Osechi ryori is what most people in Japan eat on New Year’s Day and the following couple of days. It is a mixture of beautifully presented foods served in a special box called Jubako, which is like a multiple tiered bento box that contains many different dishes that can feed the whole family.
Osechi ryori was originally a way for housewives (and their families) to survive the first several days of the New Year, when stores throughout Japan were closed. The foods that make up osechi can be prepared in advance and then sit out in a cool area for a few days without spoiling.

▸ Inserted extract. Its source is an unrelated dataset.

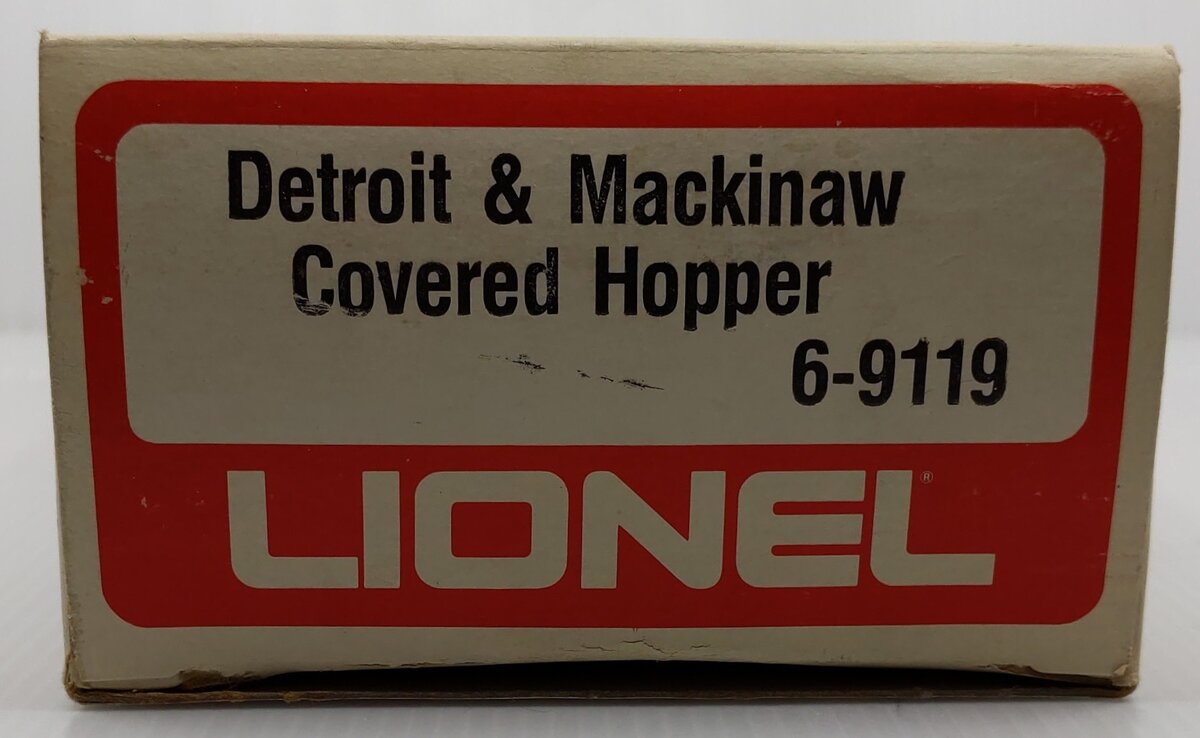 Lionel 6-9119 O Gauge Detroit & Mackinac Covered Hopper LN/Box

Nowadays the special boxes can be purchased from stores and can cost anywhere from under 10,000Yen all the way up to and over $10,000US, these high end boxes are made by famous chefs or restaurants and high end department stores and orders are taken months in advance.

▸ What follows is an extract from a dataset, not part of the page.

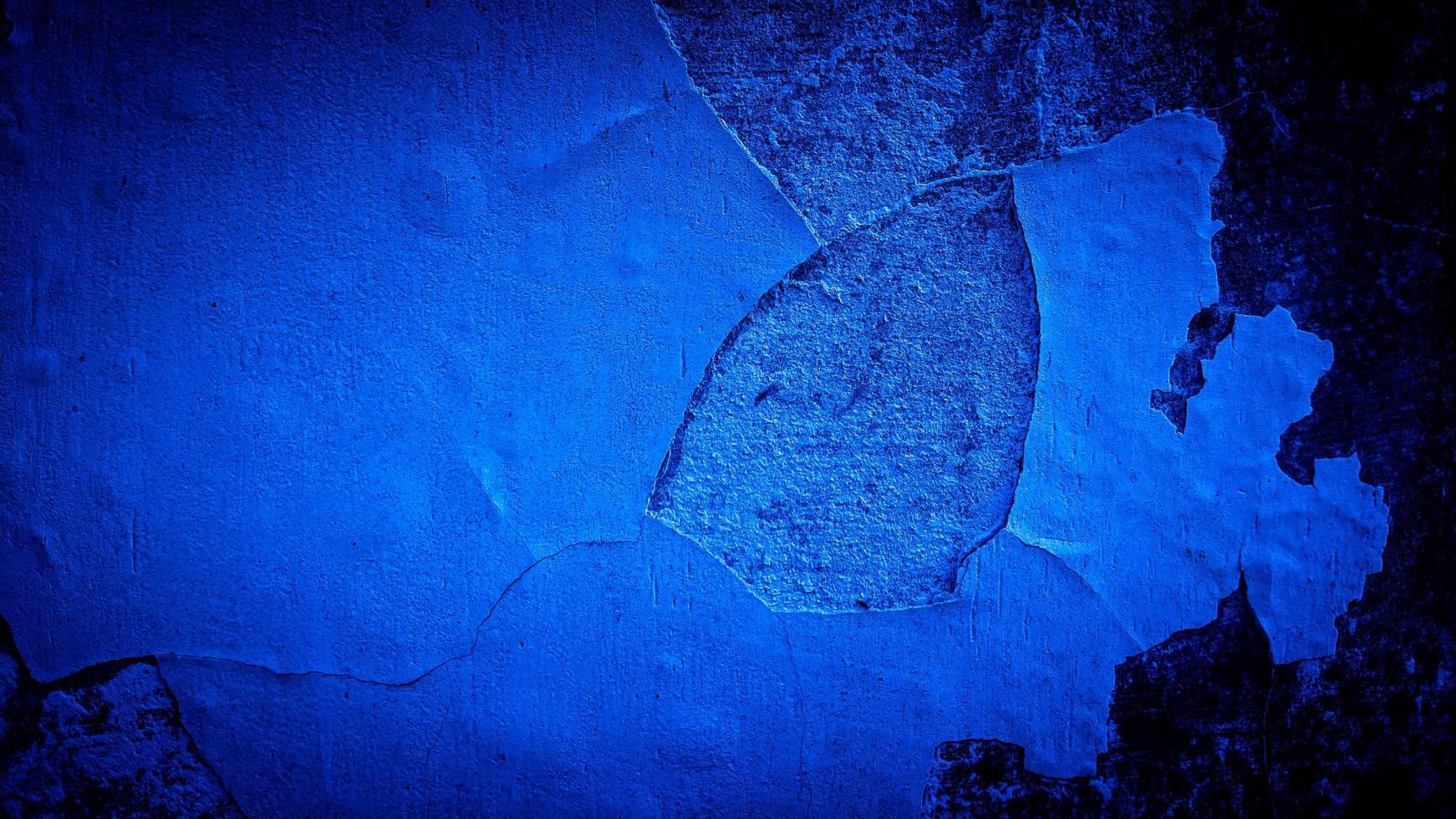 Grunge-Hintergrund der alten blauen Wand. abstrakter Hintergrund. Blauer Hintergrund foto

Typically Osechi is served in 3 tiers. The top tier normally contains small appetizers to go with drinks like sake, such as Ikura (salmon roe), Datemaki (decorative fish cakes) and Kuri Kinton(Candied chestnuts).

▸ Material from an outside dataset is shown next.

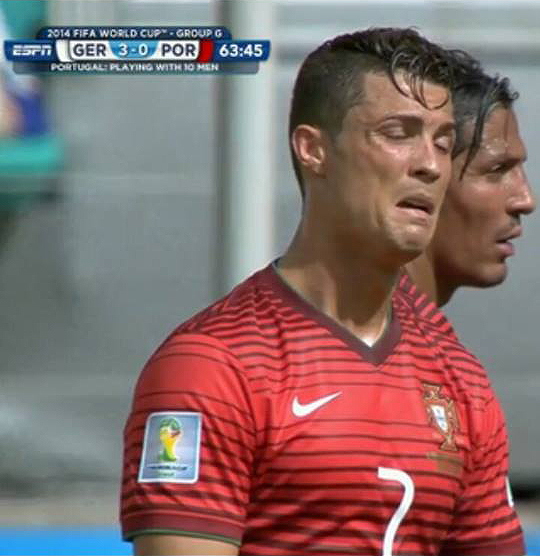 Sad Ronaldo is sad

The second contains small grilled and pickled dishes such as Ebi (shrimp), butter shoyu scallops and su renkon (pickled lotus root)
Then the third contains simmered dishes like karaage chicken and taco (octopus).
This is not a strict rule as different regions have their own items and dishes. The dishes are traditionally served in odd numbers and are separated using the bigger items or bamboo leaves. Each of the foods and the food colours symbolize different meanings such as joy, good wealth, good luck and abundant harvest.
The word osechi can also mean “a significant period.” Thus, osechi is very important to consume on the Japanese New Year to give thanks for the significant period of the New Year. Any food left uneaten in an osechi box is considered bad luck, so be sure to eat up!